The Graveyard Book begins with a murder - in fact three murders, which should have been four. 'The man Jack' has stealthily entered the house of a sleeping family and murdered the parents and a child, but the baby of the family, a lone boy, has toddled off and disappeared, making the murder incomplete. Somehow he enters the one place that Jack can't find him - the local graveyard - where he is sheltered and raised by its ghostly inhabitants. Adopted by a ghost couple, he is called Nobody Owens (Bod for short). Creepy? You betcha. But does it work? Boy does it.
The ghosts are depicted as normal people whose time in the real world had ended, but their lives have not. There are nice ghosts and nasty ones, friendly ones and stuck up ones and boring ones. And of course, there's Silas. Bod's guardian - a shadow who moves between the real world and the ghostly one - who oversees his education and protects him from the malevolent evil that murdered his family and is now out to find him too. Only in the graveyard can Bod remain safe.
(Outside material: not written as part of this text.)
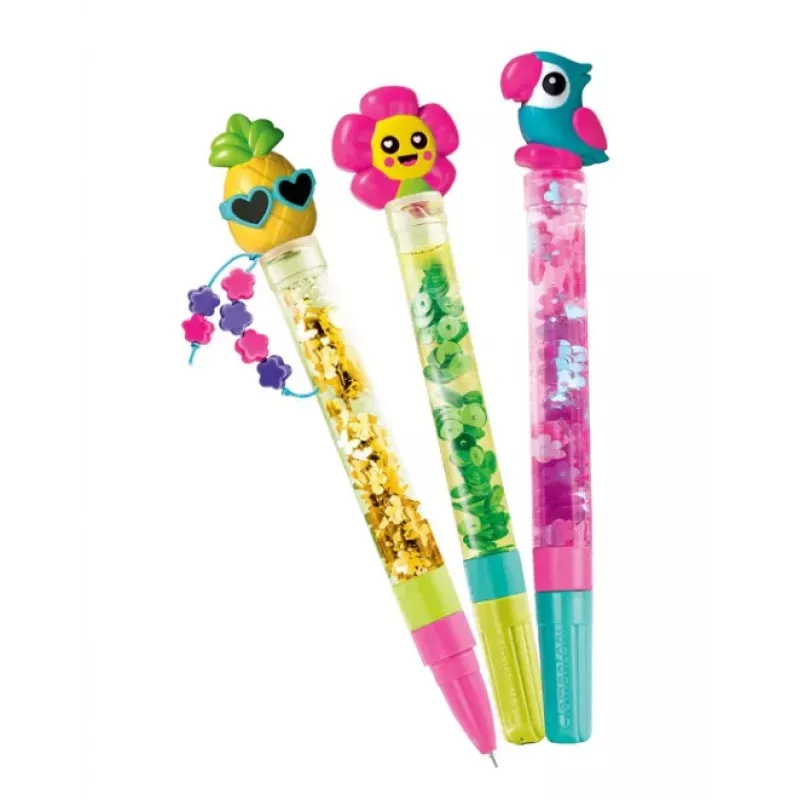 Clementoni Mini Factory: Tropical Pens DIY Kit 18830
The Graveyard Book is a truly imaginative tale of a young boy who grows up learning his boundaries, making mistakes, mastering his lessons and is ultimately set loose to discover the world. The wonderful in-between-death-and-life world that Gaiman conjures up is an interesting (and rather creepy) parallel to the real world and the hurdles children face as they grow up. Its slightly dark nature is actually quite realistic, as I don't remember my childhood being all fairy floss and fun, as many other kids' books would have you believe. Neither did I grow up in a graveyard, but Neil Gaiman's masterful storytelling makes The Graveyard Book a very enjoyable read.